130 零れる無垢の血④

 誘拐犯の悲痛な叫び声が耳をつんざき、フィオは勢いよく顔を上げた。

 その瞬間、二発目の銃声が放たれる。ランティスの肩越しに、頭からパッと赤い水しぶきを散らすゲミニ・カブトが見えた。

 片割れはかすれた声で、撃たれた双子を呼ぶ。その首からも血が滴っている。

 双頭が力尽きて垂れ下がると、翼腕は糸が切れたように動かなくなった。ドラゴンの体は惰性で滑空し、フィオたちの頭を越えて墜落する。

 しばらくもがいていた下肢と尾は、やがて沈黙した。




 フィオはヒルトップ家の庭でひざを抱え、うずくまっていた。

 背を向けた屋敷の一室では、ジョットの治療がおこなわれている。最初は廊下で待っていたが、時計の針が進むごとに叫び出したいような衝動が募って、堪らず外に出てきた。

 かたわらに寄り添うシャルルが、しきりに鼻を鳴らしてにおいをかいでくる。


「……だいじょうぶ。痛くないよ」


 嘘を言った。肩も腰も足も、ただ座っているだけで痛い。リリアーヌはフィオにも治療を勧めてくれたが、今はとても受ける気になれなかった。

 自分のせいで怪我を負ったジョットの無事が確約されるまでは、やさしさも慰めも受ける資格はない。この痛みは罰だ。


「ここにいたのか、フィオさん」


 芝生を踏む足音が背後で止まった。少しかすれて、揺れるような声色は竜騎士団団長グリフォスのものか。

 一度ここでいっしょに眠ったフォース・キニゴスのグロリアが、フィオの顔を覗き込んできた。団長の相棒ドラゴンだ。
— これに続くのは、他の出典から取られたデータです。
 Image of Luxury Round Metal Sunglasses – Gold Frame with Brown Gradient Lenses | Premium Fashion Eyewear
 どうもヒルトップ家の人間は、フォース・キニゴスに好かれるらしい。父、長男、長女と、家族の相棒がここまでそろっているのは珍しかった。


「フィオさん。ジョットくんの治療は無事に終わった」


 ハッとして、フィオは立ち上がろうとした。しかし全身が痛み、思うように体が動かない。手をついてグリフォスを見上げる。それだけのことが、やけに重く感じた。

 手でフィオをなだめ、グリフォスは片ひざをつく。


「幸いにも弾は脇腹をかすめた程度だった。一週間は絶対安静だが、一ヶ月ほどで完治する。もうだいじょうぶだ」


 よくがんばったな、きみも。

 そう言ってグリフォスは微笑み、フィオの頭をなでた。とたん、フィオの腕は震え力が抜ける。芝生に額をすりつけ、大きく息をついた。
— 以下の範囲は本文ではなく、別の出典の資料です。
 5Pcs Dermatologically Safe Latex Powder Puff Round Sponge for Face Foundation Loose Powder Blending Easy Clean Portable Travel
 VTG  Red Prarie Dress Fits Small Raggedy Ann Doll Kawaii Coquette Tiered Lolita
「よかった、ジョットくん、ジョットくん……! 神様、ありがとう……」

「きみが必死にマドレーヌを守ってくれたことは、ランティスから聞いている。どうか治療を受けてくれ。マドレーヌも心配しているんだ」


 グリフォスの手が差し伸べられた。起き上がる力も残っていなかったフィオは、彼の手を借りてどうにか立ち上がる。そのまま屋敷へとうながされたが、フィオにはもうひとつ気がかりがあった。
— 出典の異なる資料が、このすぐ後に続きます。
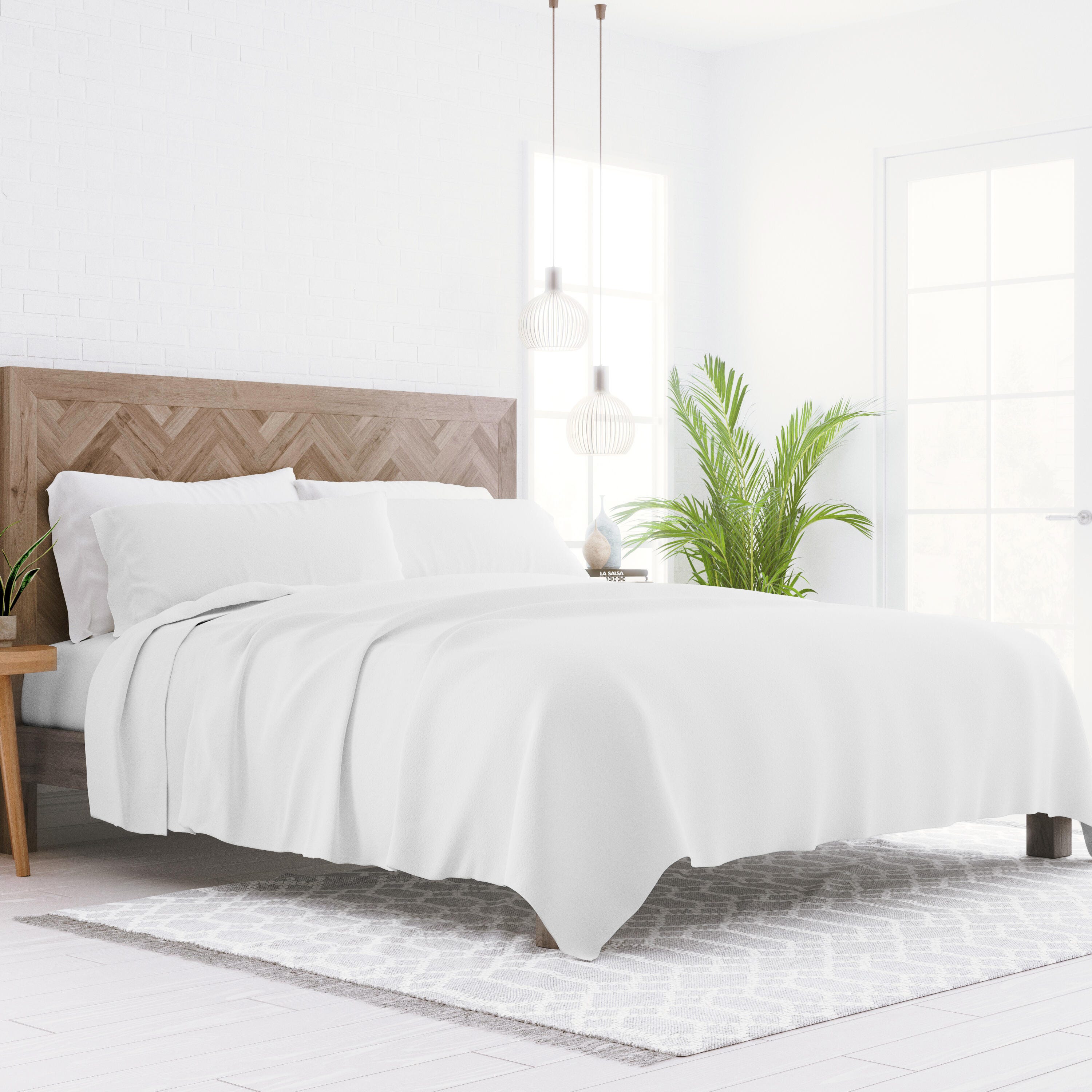Home Collection Premium 4-Piece Ultra Soft Flannel Full Bed Sheet Set, White, large
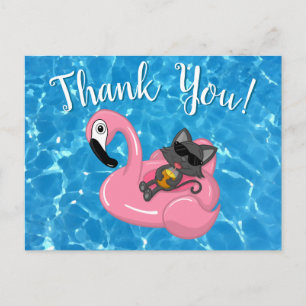 Cartão Postal Festa de Aniversário na Piscina com Flamingo e Gat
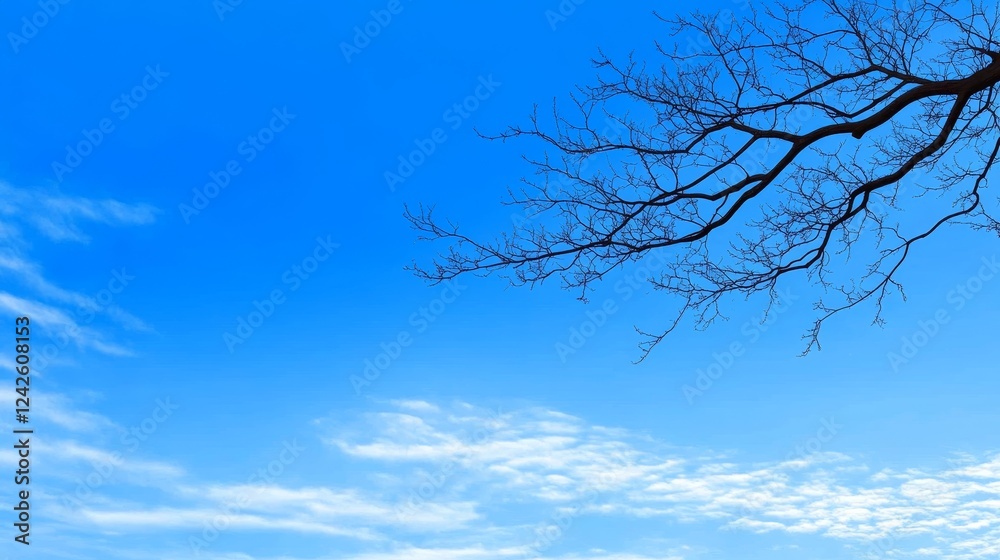Serene Winter Branch Against Blue Sky - A bare tree branch silhouetted against a vibrant blue sky with wispy clouds. Peaceful and tranquil winter scene.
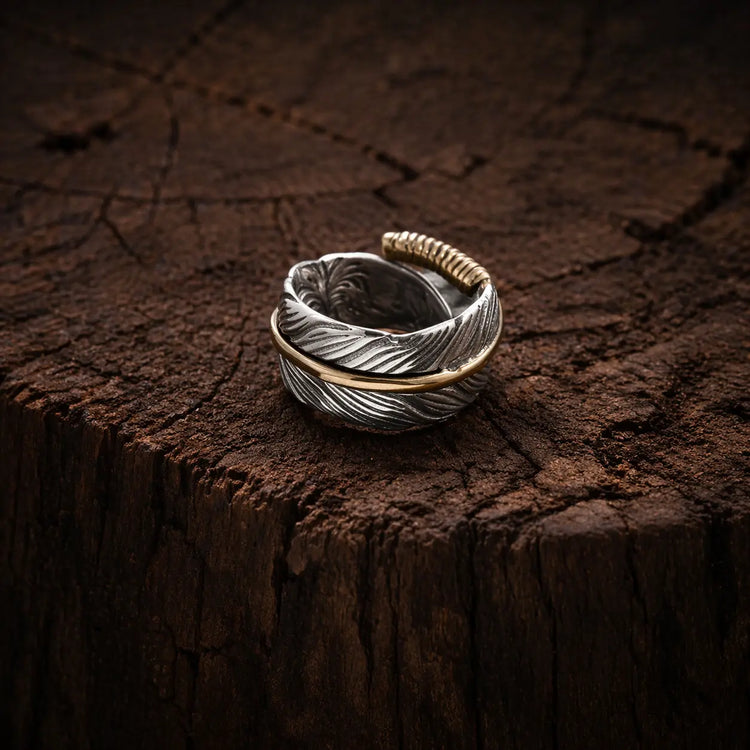 Anillo vikingo - Las Alas de Huginn y Muninn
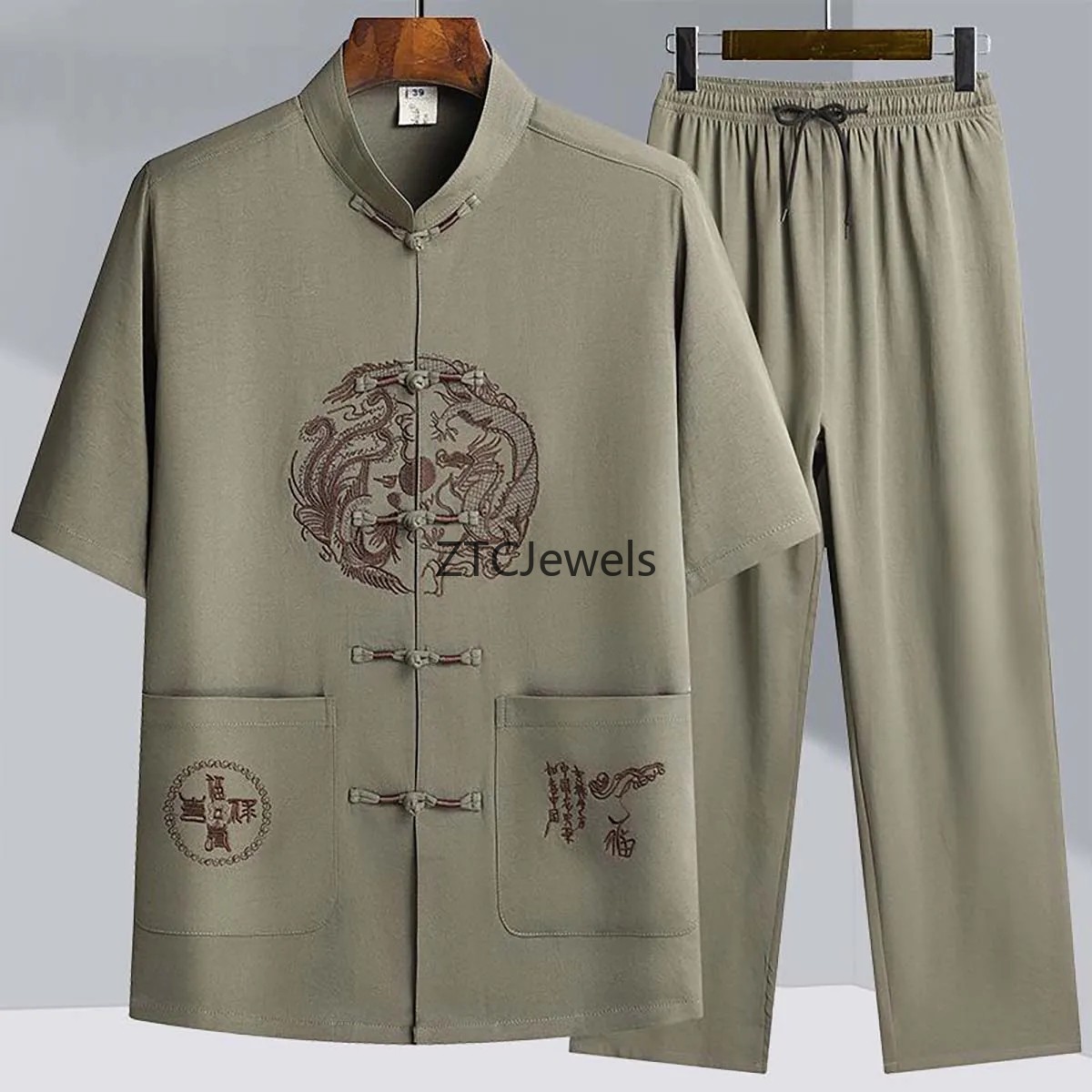 Traditional Chinese Kung Fu Su - Embroidery Men Shirt ulasan dan harga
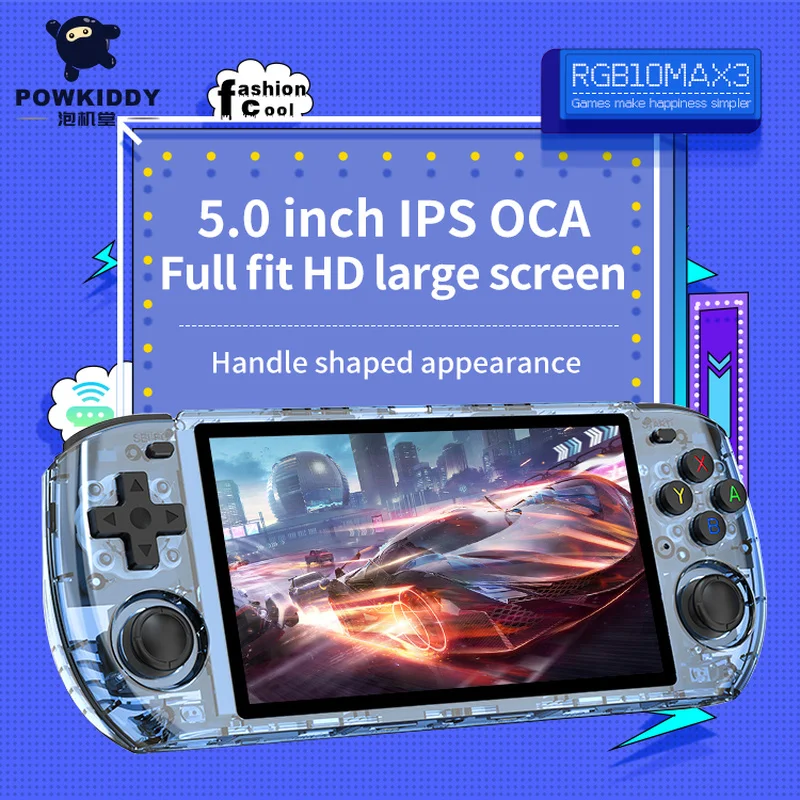 

Powkiddy Rgb10 Max3 Portable Psp 5.0-Inch Ips Oca High-Definition Large Screen Supports Open Source Retro Handheld Game Console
「グリフォス団長。あの誘拐犯のゲミニ・カブトは、死んだのですか」


 グリフォスは黙した。それがなによりの答えだった。


「状況は理解しています。しかしそれでも、殺す必要があったのでしょうか。そばにはコレリックとシャルルもいたんです。二頭で押さえることもできたはずでは」


 素人の甘い考えだと言われればそれまでだが、フィオは問いかけずにはいられなかった。

 誘拐犯の叫び声が耳から離れない。悪人だろうと、ドラゴンを想う絆は同じだ。相棒を目の前で失った苦しみは、推し量れるものではない。中には、ドラゴンを追って自ら命を断つ者もいる。

 グリフォスは遠くを見つめた。重々しい声が静かに響く。


「先日。暴走したドラゴンにより、子どもがひとり犠牲になった」


 目を見張り、フィオは唇を噛む。暴走したボア・ファングを見た時から、いつかこうなることは頭の片隅にあった。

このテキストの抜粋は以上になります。